*MATERIAL SHOWN*
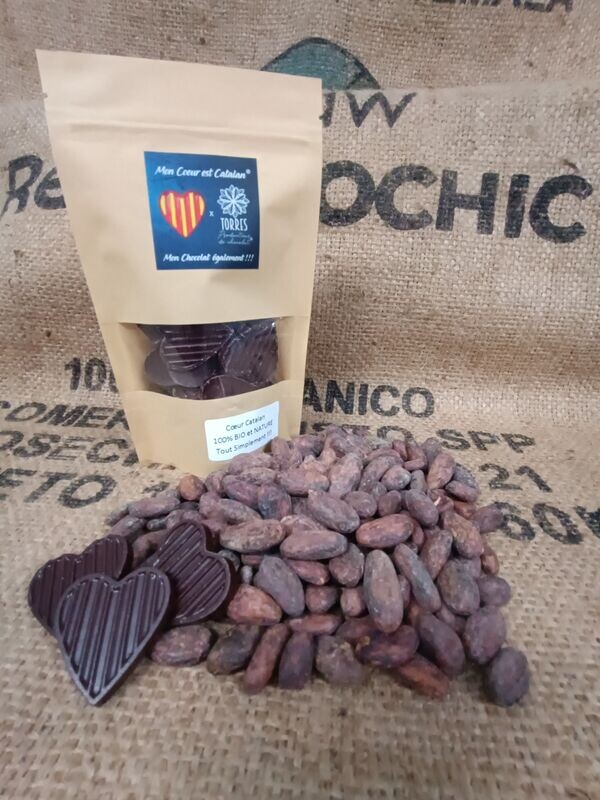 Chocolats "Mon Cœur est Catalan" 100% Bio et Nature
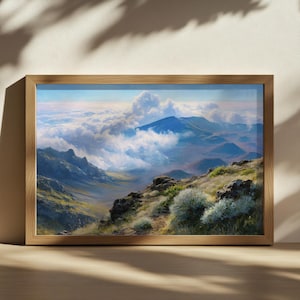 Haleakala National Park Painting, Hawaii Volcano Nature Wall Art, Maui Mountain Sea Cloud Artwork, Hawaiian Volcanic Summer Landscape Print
---
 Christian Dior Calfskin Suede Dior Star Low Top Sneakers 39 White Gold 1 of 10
--
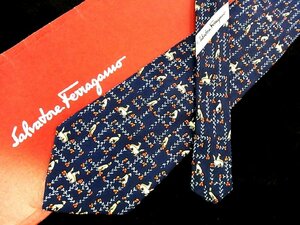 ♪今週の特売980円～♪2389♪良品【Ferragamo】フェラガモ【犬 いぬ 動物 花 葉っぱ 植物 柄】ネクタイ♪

*TASK STATEMENT*
What you write must match the listing exactly, from the line with "Bio et Nature" up to and including the line with "Haleakala National Park". Pictures stay out.

*SOLUTION FOR THIS EXERCISE*
 Chocolats "Mon Cœur est Catalan" 100% Bio et Nature
 Haleakala National Park Painting, Hawaii Volcano Nature Wall Art, Maui Mountain Sea Cloud Artwork, Hawaiian Volcanic Summer Landscape Print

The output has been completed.